Score distribution of “Stars” awarded to each of the V_L and V_H sequences reported. Due to the tendency of V_L sequence entries to report more ASVs we see a tendency for a left skewed distribution for V_L sequence entries compared to V_H sequence entries. The sections of high density shown are due to the scoring system which counts the number of matches of biological and technical replicates for a given sequence.

Figure 6

R-mAb and scFv Gibson Assembly cloning strategy. (a) R-mAb cloning strategy showing a schematic of the four-piece Gibson Assembly based construction of the R-mAb expression plasmid and at the bottom a schematic of the V_L and V_H gene fragments. (b) scFv cloning strategy showing a schematic of the two-piece Gibson Assembly based construction of the scFv expression plasmid and at the bottom a schematic of the V_H -linker- V_L gene fragment.

Figure 7

R-mAb evaluation. (a) Immunofluorescence immunocytochemistry on transiently transfected COS-1 cells. Cells were transfected with a plasmid encoding mouse THIK-2 and double immunolabeled with the progenitor N468/37 IgG1 mAb (green) and the N468/37R IgG2a R-mAb (red). Hoechst nuclear labelling is shown in blue. (b) Immunoperoxidase/DAB immunohistochemistry on rat brain sections comparing immunolabeling with the anti-HCN4 hybridoma-generated N114/10 mAb to the N114/10R R-mAb. (c) Strip immunoblots on rat brain samples showing side-by-side comparisons of hybridoma-generated conventional progenitor mAb samples “C” and transfected cell generated R-mAb samples “R”. Numbers to the left of each set denote mobility of molecular weight standards in kD. (d) Immunofluorescence immunohistochemistry on rat brain sections. Multiplex immunolabeling with four mouse mAbs including the subclass-switched R-mAb L113/130R in adult rat hippocampal CA1.

Figure 8

scFv evaluation. (a) Immunofluorescence immunocytochemistry on transiently transfected COS-1 cells.
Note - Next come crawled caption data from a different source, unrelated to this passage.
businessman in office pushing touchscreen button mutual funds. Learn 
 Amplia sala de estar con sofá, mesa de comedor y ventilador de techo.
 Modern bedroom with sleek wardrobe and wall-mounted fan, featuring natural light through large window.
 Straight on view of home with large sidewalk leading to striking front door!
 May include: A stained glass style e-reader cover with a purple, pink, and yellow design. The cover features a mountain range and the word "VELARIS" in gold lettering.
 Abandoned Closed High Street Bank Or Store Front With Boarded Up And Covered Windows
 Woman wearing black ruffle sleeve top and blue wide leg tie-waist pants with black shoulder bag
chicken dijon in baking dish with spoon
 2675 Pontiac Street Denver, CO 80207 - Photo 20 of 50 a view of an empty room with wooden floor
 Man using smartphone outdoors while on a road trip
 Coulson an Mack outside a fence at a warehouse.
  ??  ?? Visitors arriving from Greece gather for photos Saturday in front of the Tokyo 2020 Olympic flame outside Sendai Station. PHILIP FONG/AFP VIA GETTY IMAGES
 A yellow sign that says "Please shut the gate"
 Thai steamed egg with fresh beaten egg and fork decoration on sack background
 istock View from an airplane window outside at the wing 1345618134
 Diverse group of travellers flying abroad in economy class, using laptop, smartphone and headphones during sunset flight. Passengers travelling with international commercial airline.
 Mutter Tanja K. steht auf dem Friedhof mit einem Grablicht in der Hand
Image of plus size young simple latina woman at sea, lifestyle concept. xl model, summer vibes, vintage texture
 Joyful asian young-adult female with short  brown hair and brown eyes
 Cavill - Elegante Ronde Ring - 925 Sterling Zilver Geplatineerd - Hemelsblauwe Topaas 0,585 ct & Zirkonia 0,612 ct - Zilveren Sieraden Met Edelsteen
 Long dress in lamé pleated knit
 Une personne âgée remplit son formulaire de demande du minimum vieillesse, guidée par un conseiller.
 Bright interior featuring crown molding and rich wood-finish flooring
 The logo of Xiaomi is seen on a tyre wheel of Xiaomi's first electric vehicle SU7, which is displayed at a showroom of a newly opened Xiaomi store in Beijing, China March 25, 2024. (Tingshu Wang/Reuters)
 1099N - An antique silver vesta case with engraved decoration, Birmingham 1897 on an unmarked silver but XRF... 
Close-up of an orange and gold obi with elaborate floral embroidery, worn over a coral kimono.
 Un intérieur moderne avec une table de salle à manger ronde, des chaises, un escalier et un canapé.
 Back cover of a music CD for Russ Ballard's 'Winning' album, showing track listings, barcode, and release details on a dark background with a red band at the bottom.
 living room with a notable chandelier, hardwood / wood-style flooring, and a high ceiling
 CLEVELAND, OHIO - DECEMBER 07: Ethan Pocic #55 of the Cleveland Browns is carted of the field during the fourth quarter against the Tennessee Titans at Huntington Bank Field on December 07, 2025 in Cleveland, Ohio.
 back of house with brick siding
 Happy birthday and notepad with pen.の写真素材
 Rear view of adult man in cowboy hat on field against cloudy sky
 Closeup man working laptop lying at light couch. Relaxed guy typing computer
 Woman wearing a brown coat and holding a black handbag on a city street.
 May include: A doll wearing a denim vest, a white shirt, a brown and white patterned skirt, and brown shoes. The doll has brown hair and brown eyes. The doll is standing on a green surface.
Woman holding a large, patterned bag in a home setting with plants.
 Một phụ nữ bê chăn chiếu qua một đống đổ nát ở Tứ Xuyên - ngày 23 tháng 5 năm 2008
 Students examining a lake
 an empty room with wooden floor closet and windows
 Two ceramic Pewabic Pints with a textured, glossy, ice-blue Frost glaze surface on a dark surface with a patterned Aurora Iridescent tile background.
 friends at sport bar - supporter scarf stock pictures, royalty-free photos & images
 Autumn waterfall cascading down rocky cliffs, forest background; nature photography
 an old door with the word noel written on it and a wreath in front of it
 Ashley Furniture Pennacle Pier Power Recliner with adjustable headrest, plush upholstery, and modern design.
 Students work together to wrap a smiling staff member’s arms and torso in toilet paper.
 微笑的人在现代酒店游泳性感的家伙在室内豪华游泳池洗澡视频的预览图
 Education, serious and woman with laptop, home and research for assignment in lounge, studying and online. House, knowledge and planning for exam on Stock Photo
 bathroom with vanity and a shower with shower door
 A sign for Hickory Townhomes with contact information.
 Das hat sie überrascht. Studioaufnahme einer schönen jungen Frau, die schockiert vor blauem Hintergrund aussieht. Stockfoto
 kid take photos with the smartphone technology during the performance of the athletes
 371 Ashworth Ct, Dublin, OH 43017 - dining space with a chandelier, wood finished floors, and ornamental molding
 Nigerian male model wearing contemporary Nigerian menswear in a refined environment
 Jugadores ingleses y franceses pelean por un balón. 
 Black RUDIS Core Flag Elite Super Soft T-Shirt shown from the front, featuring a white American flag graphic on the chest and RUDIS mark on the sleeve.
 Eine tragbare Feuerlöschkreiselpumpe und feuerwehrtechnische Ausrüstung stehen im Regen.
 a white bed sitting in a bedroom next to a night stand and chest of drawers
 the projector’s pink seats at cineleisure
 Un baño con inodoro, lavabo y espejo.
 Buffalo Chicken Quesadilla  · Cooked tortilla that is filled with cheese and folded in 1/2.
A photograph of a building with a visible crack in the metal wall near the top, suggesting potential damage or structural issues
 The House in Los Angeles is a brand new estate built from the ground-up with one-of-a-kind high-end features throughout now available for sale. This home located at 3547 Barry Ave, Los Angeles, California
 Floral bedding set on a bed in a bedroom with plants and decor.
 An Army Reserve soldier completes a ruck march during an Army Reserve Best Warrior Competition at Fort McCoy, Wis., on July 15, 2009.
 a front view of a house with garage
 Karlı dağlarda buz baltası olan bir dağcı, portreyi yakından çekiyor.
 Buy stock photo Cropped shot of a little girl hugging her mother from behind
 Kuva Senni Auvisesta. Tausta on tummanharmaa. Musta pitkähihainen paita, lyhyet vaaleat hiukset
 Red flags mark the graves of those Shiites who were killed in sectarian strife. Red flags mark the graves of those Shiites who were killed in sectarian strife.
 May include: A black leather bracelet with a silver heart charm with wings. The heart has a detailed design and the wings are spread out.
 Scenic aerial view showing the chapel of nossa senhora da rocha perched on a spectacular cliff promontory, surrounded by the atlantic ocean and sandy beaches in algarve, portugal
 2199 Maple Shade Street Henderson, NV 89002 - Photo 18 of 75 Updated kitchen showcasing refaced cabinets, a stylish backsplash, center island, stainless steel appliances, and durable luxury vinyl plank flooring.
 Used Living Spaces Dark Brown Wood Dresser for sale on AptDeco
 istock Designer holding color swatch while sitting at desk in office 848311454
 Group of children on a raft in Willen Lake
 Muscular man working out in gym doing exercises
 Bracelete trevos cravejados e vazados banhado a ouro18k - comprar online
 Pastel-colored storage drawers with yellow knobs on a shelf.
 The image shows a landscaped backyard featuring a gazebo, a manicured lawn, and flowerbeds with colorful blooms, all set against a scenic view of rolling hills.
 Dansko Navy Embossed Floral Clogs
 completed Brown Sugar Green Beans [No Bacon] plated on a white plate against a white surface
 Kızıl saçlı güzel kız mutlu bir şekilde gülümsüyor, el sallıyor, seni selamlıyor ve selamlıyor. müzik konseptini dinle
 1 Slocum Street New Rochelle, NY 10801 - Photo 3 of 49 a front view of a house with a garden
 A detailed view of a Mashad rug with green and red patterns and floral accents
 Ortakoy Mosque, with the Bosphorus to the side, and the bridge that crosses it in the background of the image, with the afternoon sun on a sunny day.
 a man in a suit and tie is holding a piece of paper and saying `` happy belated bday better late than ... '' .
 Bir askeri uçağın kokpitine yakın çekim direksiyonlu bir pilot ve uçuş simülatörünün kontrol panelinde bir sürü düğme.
Cells were transfected with a plasmid encoding the mouse GABAB R1 receptor and double immunolabeled with the progenitor N93A/49 mouse mAb (green) and the N93A/49 scFv (red). Hoechst nuclear labelling is shown in blue. (b) Immunoperoxidase/DAB immunohistochemistry on rat brain sagittal sections. The top pair of images show immunolabelling with the anti-GABA_A receptor α4 hybridoma-generated N398A/34 mAb (top section) and the N398A/34 scFv (bottom section). The bottom pair of images show immunolabelling in neocortex with the anti-Ankyrin-G hybridoma-generated N106/20 mAb (left section) and the N106/20 scFv (right section). (c) Immunofluorescence immunohistochemistry on rat brain sagittal sections. The top set of images show multiplex immunolabeling of brain (top two rows) and hippocampus (bottom row) with the anti-VGlut1 hybridoma-generated N28/9 mAb (IgG1) (left section) and the N28/9 scFv (right section) in green. The sections were also labelled with the mouse mAbs anti-Parvalbumin L114/3 mAb (IgG2a) in red and the anti-Amigo-1 L86A/37 mAb (IgG2b) in purple. Hoechst nuclear labelling is shown in blue. The bottom pair of images show multiplex immunolabeling of rat cerebellum with the anti-Kv1.2K⁺ channel hybridoma-generated K14/16 mAb (IgG2b) (left section) and the K14/16 scFv (right section) in green. The sections were also labelled with the mouse anti-Calbindin L109/39 mAb (IgG2b). Hoechst nuclear labelling is shown in blue.